Your answer should be the lines below from the one holding "Buddha Stones Pure" through the one holding "Blue Line Acrylic", copied exactly and with nothing else.

### Records to use ###

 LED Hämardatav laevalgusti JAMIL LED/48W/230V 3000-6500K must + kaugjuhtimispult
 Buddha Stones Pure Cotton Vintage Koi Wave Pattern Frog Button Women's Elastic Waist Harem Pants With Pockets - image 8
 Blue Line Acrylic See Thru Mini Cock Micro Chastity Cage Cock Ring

###
### Records to use ###

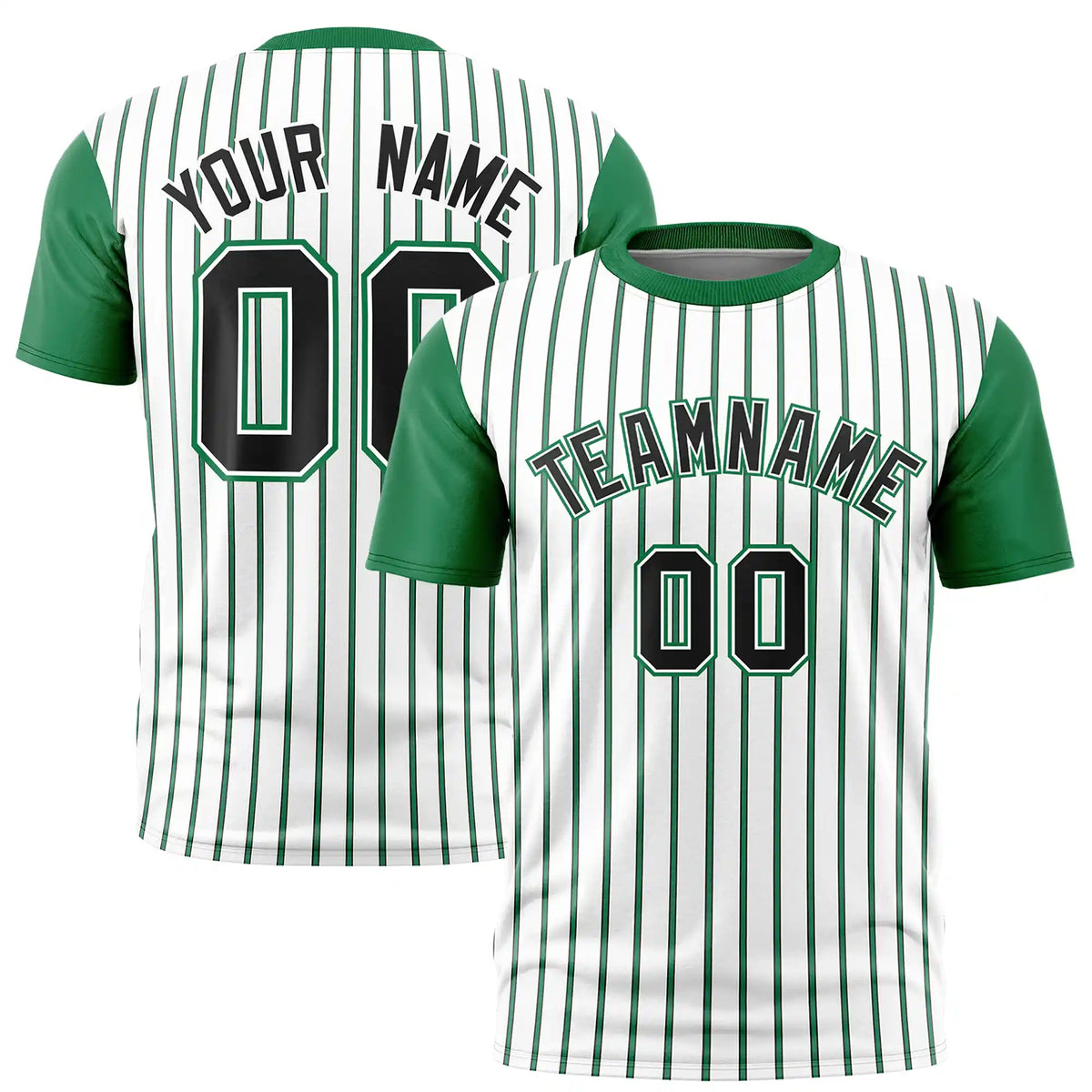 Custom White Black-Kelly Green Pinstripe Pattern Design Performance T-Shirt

###

• **Answer below**:
 Buddha Stones Pure Cotton Vintage Koi Wave Pattern Frog Button Women's Elastic Waist Harem Pants With Pockets - image 8
 Blue Line Acrylic See Thru Mini Cock Micro Chastity Cage Cock Ring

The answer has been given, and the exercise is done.